Kerr v. Royal LePage, (1991) 4 B.C.A.C. 54 (CA)

Judge:Taggart, Hutcheon and Taylor, JJ.A.
Court:Court of Appeal of British Columbia
Case Date:June 13, 1991
Jurisdiction:British Columbia
Citations:(1991), 4 B.C.A.C. 54 (CA)
 
FREE EXCERPT

Kerr v. Royal LePage (1991), 4 B.C.A.C. 54 (CA);

    9 W.A.C. 54.

MLB headnote and full text

James Herbert Sidney Kerr (plaintiff/appellant) v. Royal Lepage Real Estate Services Ltd., Barbara Pauline Young, Edward Grant Sahaydak, and Melody Ann Williams (defendants/respondents)

(CA011955)

Indexed As: Kerr v. Royal Lepage Real Estate Services Ltd.

British Columbia Court of Appeal

Taggart, Hutcheon and Taylor, JJ.A.

September 18, 1991.

Summary:

A mortgagee foreclosed on real estate and invited offers. Kerr and Williams submitted offers. The mortgagee then told Kerr and Williams that he would receive final offers from both Kerr and Williams and that the final offers could not be changed in any way before they were submitted for court approval. Kerr's offer was the highest. However, Williams learned from the mortgagee the amount of Kerr's offer and submitted a higher offer to the court that was accepted. Kerr sued for damages for breach of contract.

The British Columbia Supreme Court dismissed Kerr's action. Kerr appealed.

The British Columbia Court of Appeal dismissed the appeal.

Contracts - Topic 1452

Formation of contract - Agreements that are not contracts - Acquiescence - Kerr and Williams submitted offers to a mortgagee for real estate that was the subject of foreclosure proceedings - The mortgagee told Kerr and Williams to submit final offers that could not be changed before they were submitted for court approval - However Williams learned from the mortgagee that Kerr's offer was the highest - Williams then submitted a higher offer to the court that was accepted - Kerr sued Williams for breach of contract - The British Columbia Court of Appeal affirmed a dismissal of the action - The court stated that the mere acquiescence by the parties to the procedure suggested by the mortgagee did not constitute an intention to contract - See paragraph 41.

Cases Noticed:

Galton v.
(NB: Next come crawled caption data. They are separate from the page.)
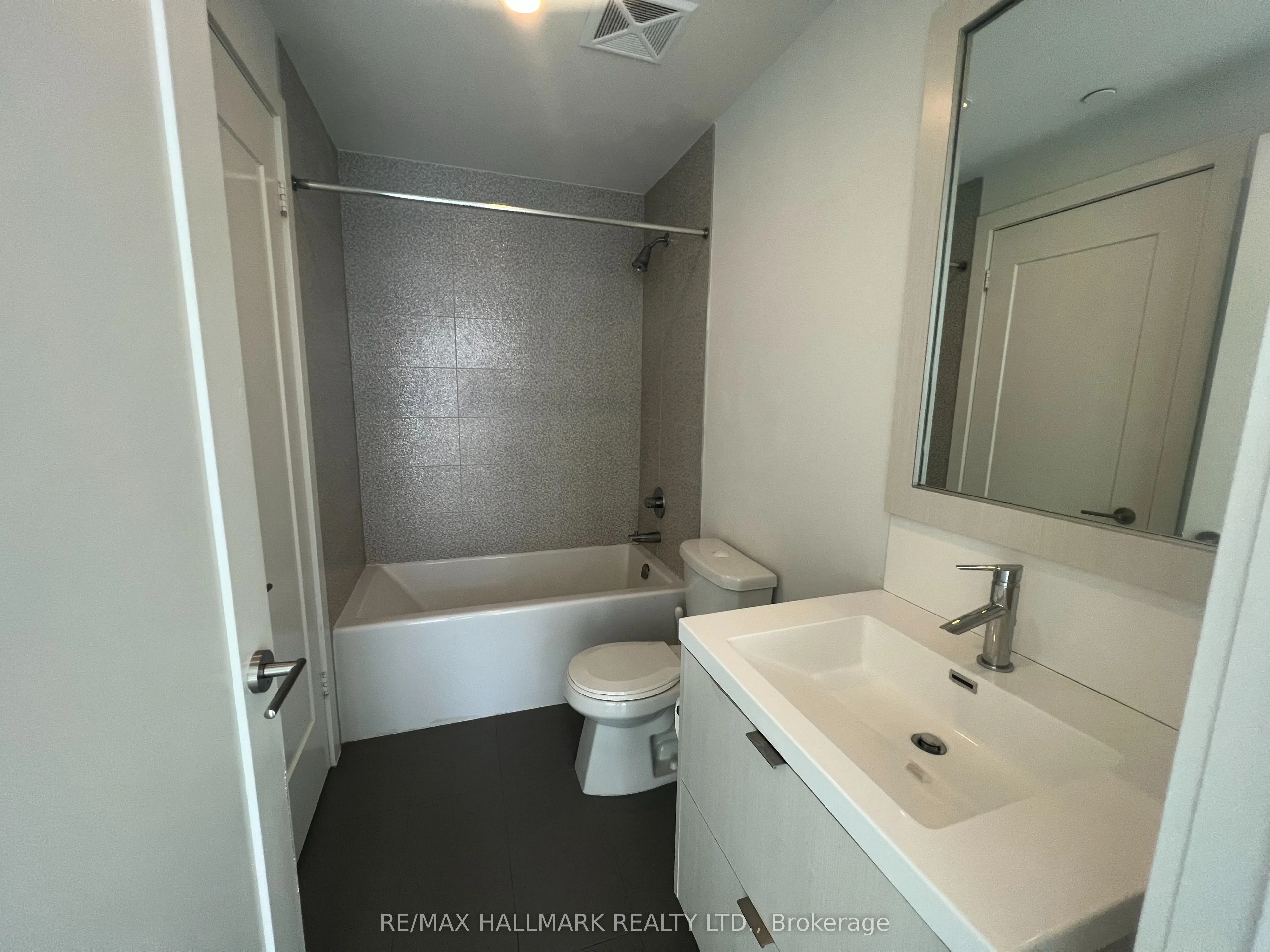 38 Cameron Street, #501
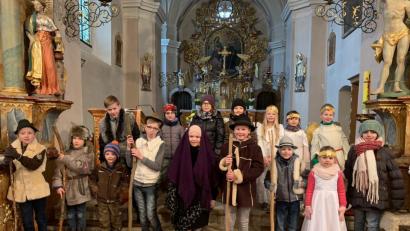 Bild: exb
Die Kinder sind voller Vorfreude auf das Krippenspiel am Heiligen Abend in der Leonberger Pfarrkirche.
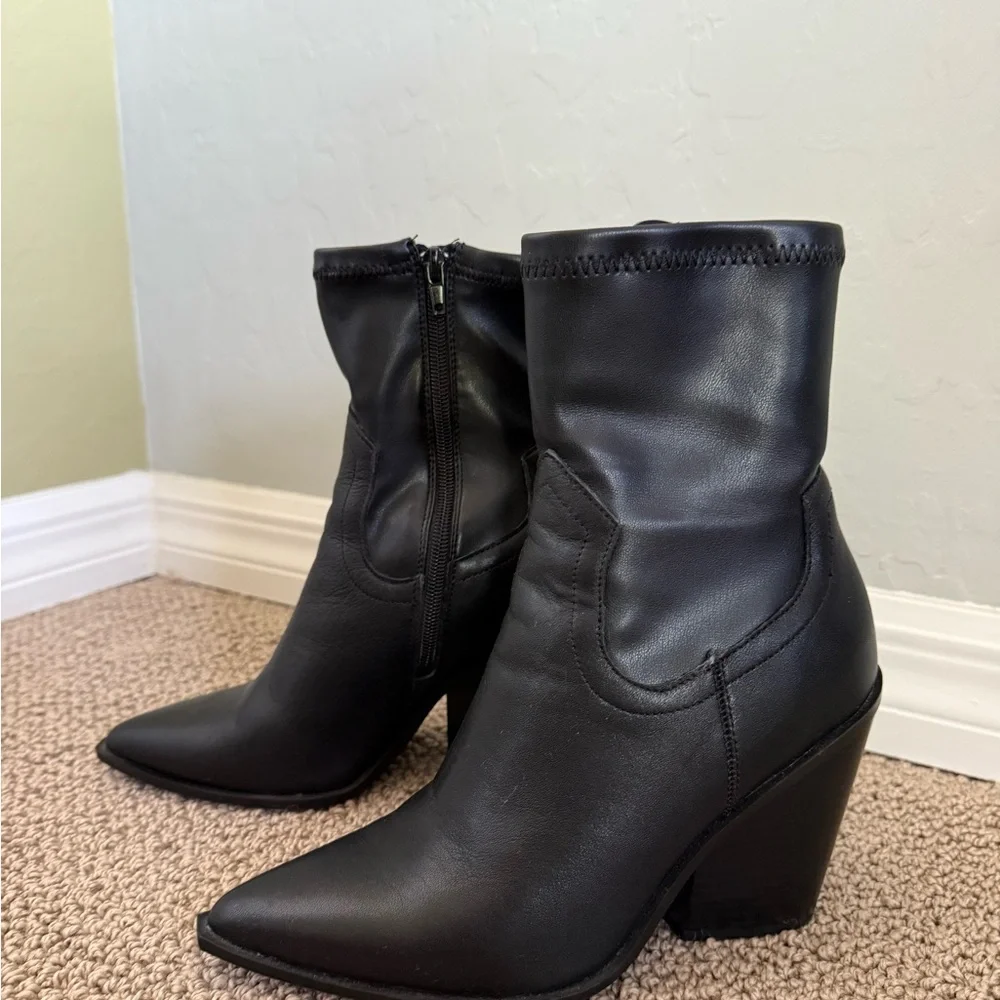 Steve Madden Black Heeled Boots - Picture 4 of 4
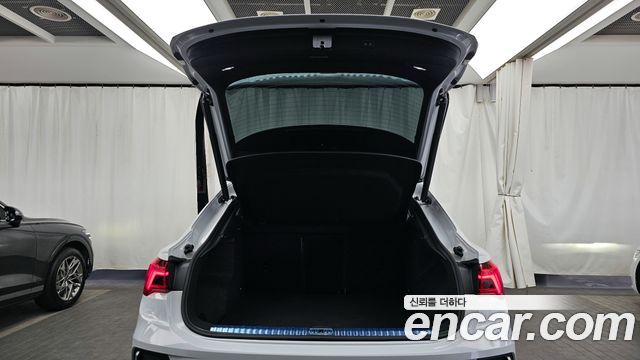 Audi Q3 35 TDI Premium Sportback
Emuss (1844), 1 Coll. 243 (Ch.); 63 E.R. 402, refd to. [para. 25].

Carew's Estate, Re (1858), 26 Beav. 187 (Ch.); 53 E.R. 869, refd to. [para. 25].
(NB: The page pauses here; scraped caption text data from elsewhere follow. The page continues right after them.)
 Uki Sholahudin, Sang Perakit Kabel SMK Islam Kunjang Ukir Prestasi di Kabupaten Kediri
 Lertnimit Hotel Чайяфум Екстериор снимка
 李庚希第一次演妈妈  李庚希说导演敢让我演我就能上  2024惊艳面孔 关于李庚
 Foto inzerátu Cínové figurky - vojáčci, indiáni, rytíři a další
Campion v. Brackenbridge (1881), 28 Gr. 201, refd to. [para. 25].

Irving v. McWilliams (1895), 1 N.B. Eq. 217 (N.B.), refd to. [para. 25].

Canadian Pacific R.W. Co. v. Grand Trunk R.W. Co. (1907), 14 O.L.R. 41 (Ont. C.A.), affd. 39 S.C.R. 220, refd to. [para. 25].
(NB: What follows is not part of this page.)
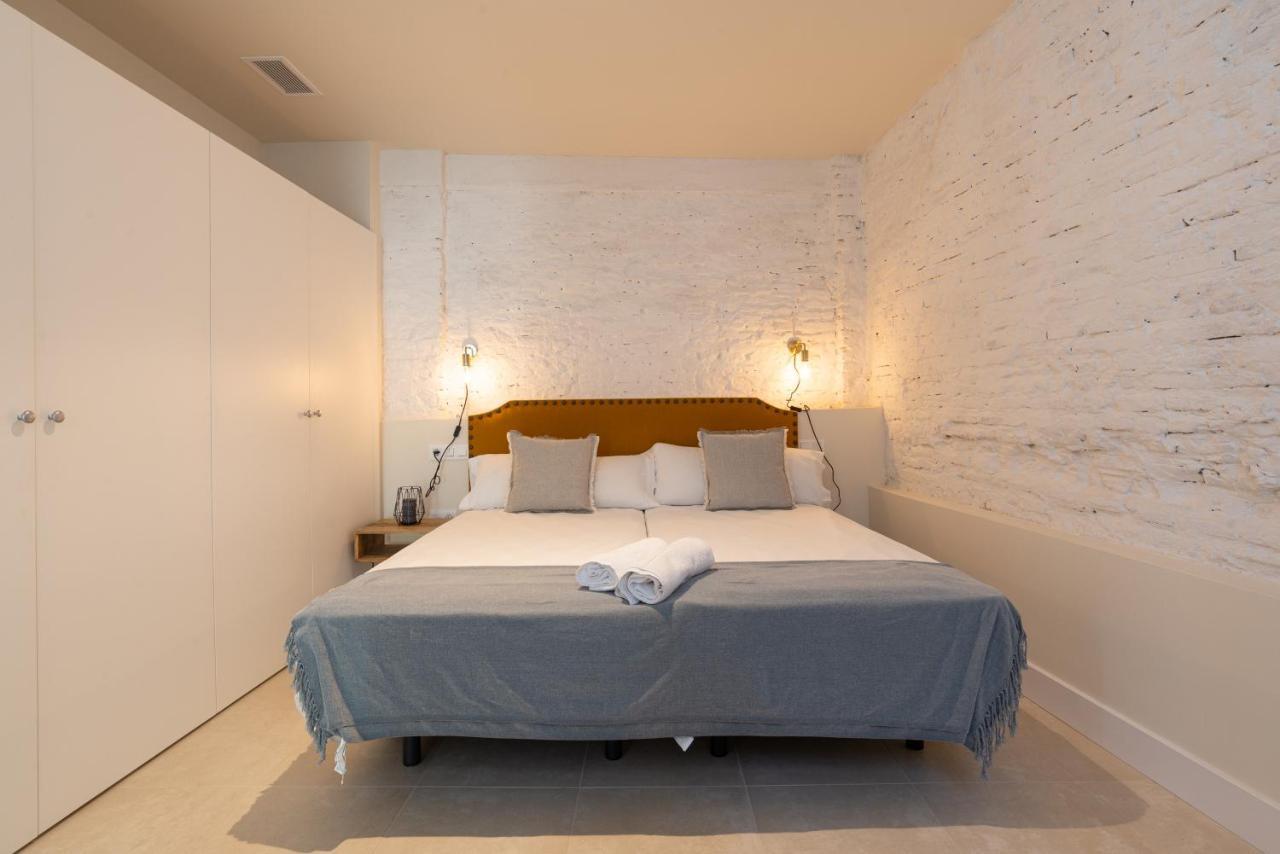 Urbe10 Carreteria Big Terrace Suite Málaga Exteriör bild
Harrop v. Thompson, [1975] 2 All E.R. 94 (Ch.), refd to. [para. 25].

Counsel:

John Douglas Shields, for the appellant;

   Gregory C. Blanchard, for the respondents Royal Lepage, Young and Sahaydak;

Mark P. Griffiths, for the respondent Melody Ann Williams.

This appeal was heard by Taggart, Hutcheon and Taylor, JJ.A., of the British Columbia Court of Appeal at Vancouver, B.C., on June 13, 1991. The decision of the court was delivered by Taggart, J.A., on September 18, 1991.